Provided records:
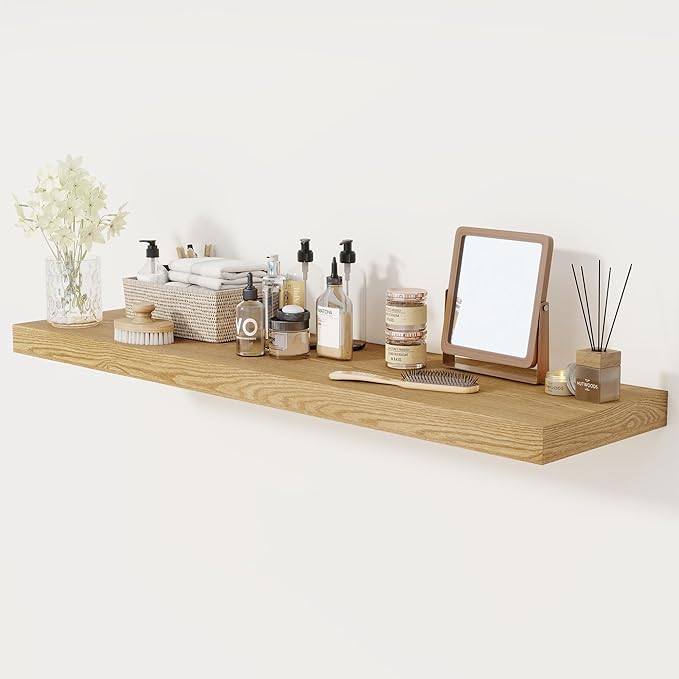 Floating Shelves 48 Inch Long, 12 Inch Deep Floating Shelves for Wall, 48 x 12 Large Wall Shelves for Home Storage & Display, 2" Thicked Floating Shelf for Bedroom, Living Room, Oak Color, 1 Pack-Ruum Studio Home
...
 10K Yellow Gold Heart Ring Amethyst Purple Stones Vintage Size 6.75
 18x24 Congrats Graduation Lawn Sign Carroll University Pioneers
---
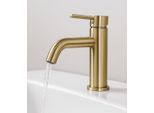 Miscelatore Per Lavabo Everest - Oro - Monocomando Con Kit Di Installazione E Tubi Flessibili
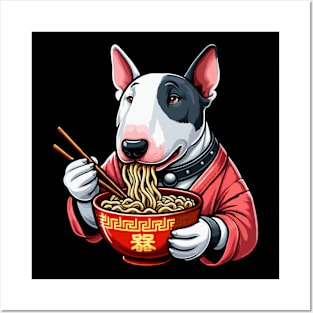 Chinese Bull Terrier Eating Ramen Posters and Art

What you should do:
Exactly the lines above from the one that contains "Miscelatore Per Lavabo" down to the one that contains "Chinese Bull Terrier" are to be output, both ends kept and pictures omitted.

Exercise response:
 Miscelatore Per Lavabo Everest - Oro - Monocomando Con Kit Di Installazione E Tubi Flessibili
 Chinese Bull Terrier Eating Ramen Posters and Art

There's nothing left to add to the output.